Arthi Vithiananthan ’25, who took math teacher Ed Harvey’s course this year, shares, “The complexities of the subject—at least at the AP level—are found in contextualizing the data and respective calculations rather than the actual math itself. She explains that the course was so impactful for her because Mr. Harvey “always found ways to engage our class by including real-world applications of statistics such as sports betting, making investments, and even the ethical implications of significance levels.” Reflecting on these practical aspects of the curriculum, Vithiananthan explains, “Not only did they prepare me well for the AP exam, but I’ve also been introduced to a motley of other niche topics that I can explore using the statistical skills I’ve gained from this course.”

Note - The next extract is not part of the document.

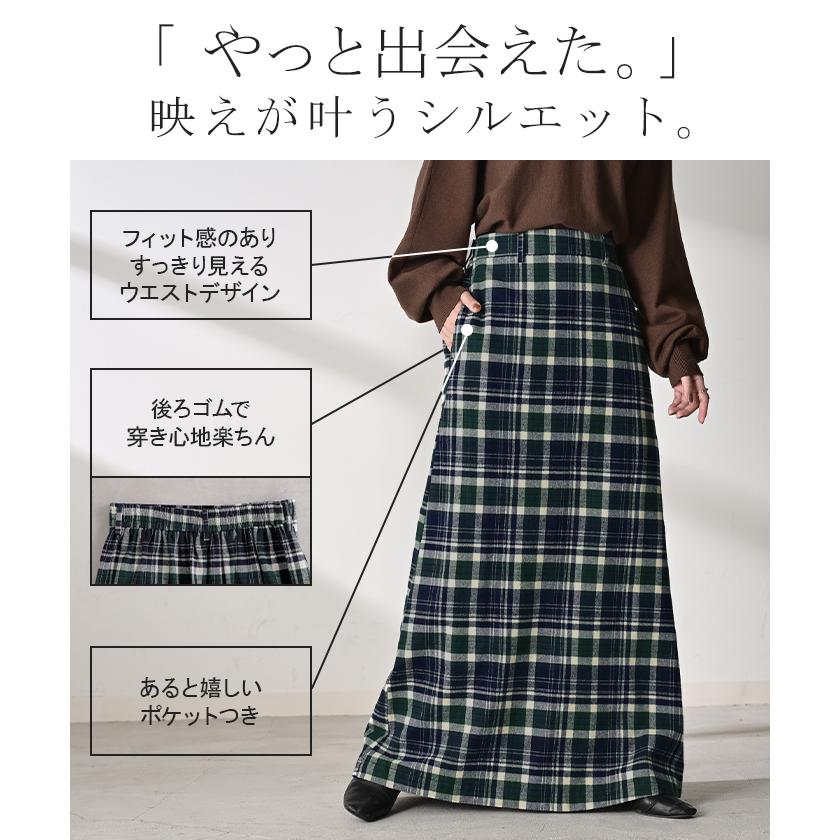 スカート ロング チェック Aライン レディース 綿100 チェックスカート ロングスカート ボトムス ボトム フレア フレアスカート マキシ マキシスカート | HUG.U | 10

Before Harvey joined Nobles in 2020, a full-year AP Statistics course did not exist. An economics major in college, Harvey began his professional career in finance, working at an investment consulting firm for three years. He went on to pursue a career as a statistics teacher in independent schools, where he saw an opportunity for meaningful curriculum development. In college, Harvey’s economics major turned a corner when he took econometrics—statistics for economics—and realized that while most economics majors disliked the course, he found it quite interesting. Since he began teaching AP Statistics, Harvey has worked to develop an innovative and engaging curriculum that weaves project-based learning into the course as they prepare for the exam.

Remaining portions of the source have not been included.